> [What you should do]: Beginning with the line below that contains "chanel bow double layer necklace" and ending with the line that contains "Obrázok produktu pre", copy every line exactly. Copy nothing else.

> [Records for the task]:

%%

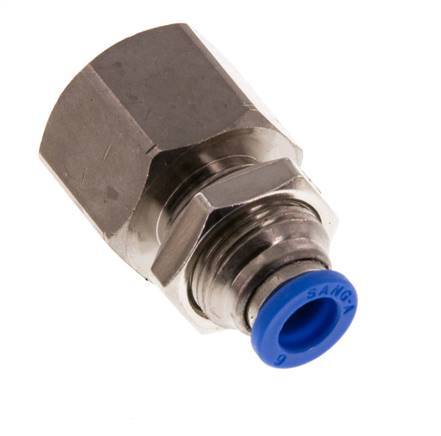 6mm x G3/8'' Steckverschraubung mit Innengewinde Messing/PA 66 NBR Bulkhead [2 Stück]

%%
%%

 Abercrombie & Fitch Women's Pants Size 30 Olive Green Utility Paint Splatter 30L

%%
%%

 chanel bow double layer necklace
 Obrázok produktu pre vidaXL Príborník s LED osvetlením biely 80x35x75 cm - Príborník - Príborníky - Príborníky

%%

> [Answer space]:
 chanel bow double layer necklace
 Obrázok produktu pre vidaXL Príborník s LED osvetlením biely 80x35x75 cm - Príborník - Príborníky - Príborníky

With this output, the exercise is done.